We know the ferry from Ancona has arrived at Split, Croatia, because a passionate Italian is hammering on the cabin door shouting “get up you lazy buggers”. The lady in the bunk above me – on her way to visit her husband in Dubrovnik who is working with a shipping firm there – curses in her best Italian and instantly appears fully clothed at the door with her lipstick on.

Overnight, Loretta and I have become firm friends, having discussed the problems of long-distance relationships, the complexity of married partners working in different countries, the frustrations of existing as a single mother – in her opinion making her “a super mama” – and the pleasure of being able to show the beauty of Croatia to her three children.
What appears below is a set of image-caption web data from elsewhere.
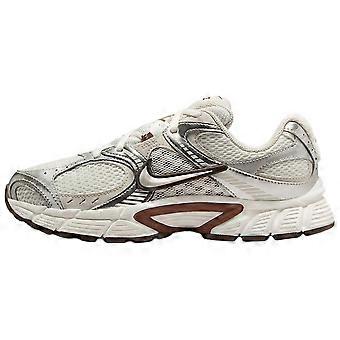 Nike V5 RNR Zachte en comfortabele hardloopschoenen van mesh en ademend textiel, lage uitvoering, dames, wit/bruin HQ7901-102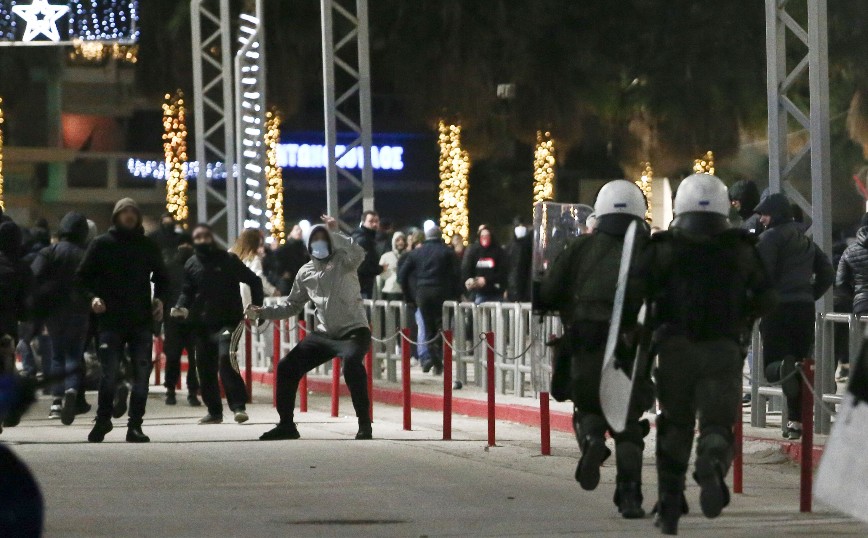 Επεισόδια οπαδών – αστυνομίας έξω από το Καραϊσκάκη και χρήση δακρυγόνων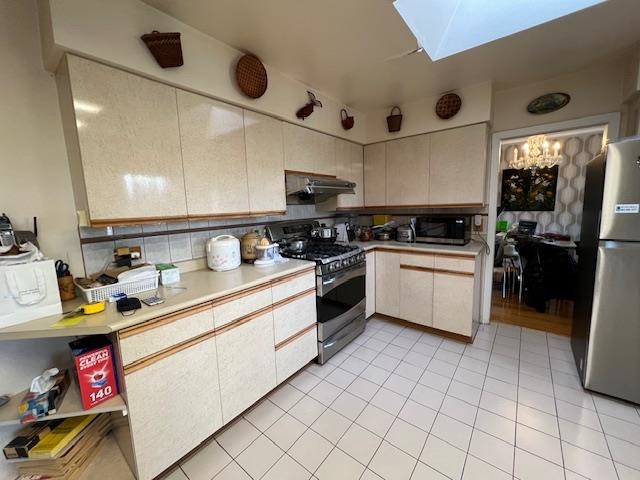 2435 E 38th Avenue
Continuing to reflect on the double-edged sword of the ease with which we travel and work between various European countries, Loretta and I tumble into the disorder of huddled passengers shovelling themselves onto the deck, blinking themselves awake, and failing to walk off the boat in to the port because they’ve suddenly noticed that it’s raining.

The tourists check themselves. This is the Dalmatian coast after all, with its archipelago of idyllic islands (the largest in the Mediterranean), and in the middle of August – so all the sacred guidebooks say – it’s supposed to be blissfully sunny. A Mexican wave of waterproofs erupts and as if following a helpful usher, everybody shuffles off to the cafe glowing in the distance to digest their thoughts over a cup of café, cappuccino or kava – depending on their now confused linguistic orientation.

I have two words in my foggy head: private rooms. At 600 Kuna plus a night, and despite the very favourable exchange rate (7.3 K to a Euro), it’s clear that hotels are out of my league. As if in direct response to my mental meanderings, a man in a bright red and orange tropical shirt suddenly appears, introduces himself as Mario, and says his sister Yela has a cheap room for 120 Kuna a night. As we walk in happy union under his umbrella along the palm tree-strewn promenade, shards of light break through the clouds, instantly turning the view over the pretty port into a post-card quality scene. Mario beams and the significance of his shirt becomes clear as he boasts, “Look! You are in Hawaii!”.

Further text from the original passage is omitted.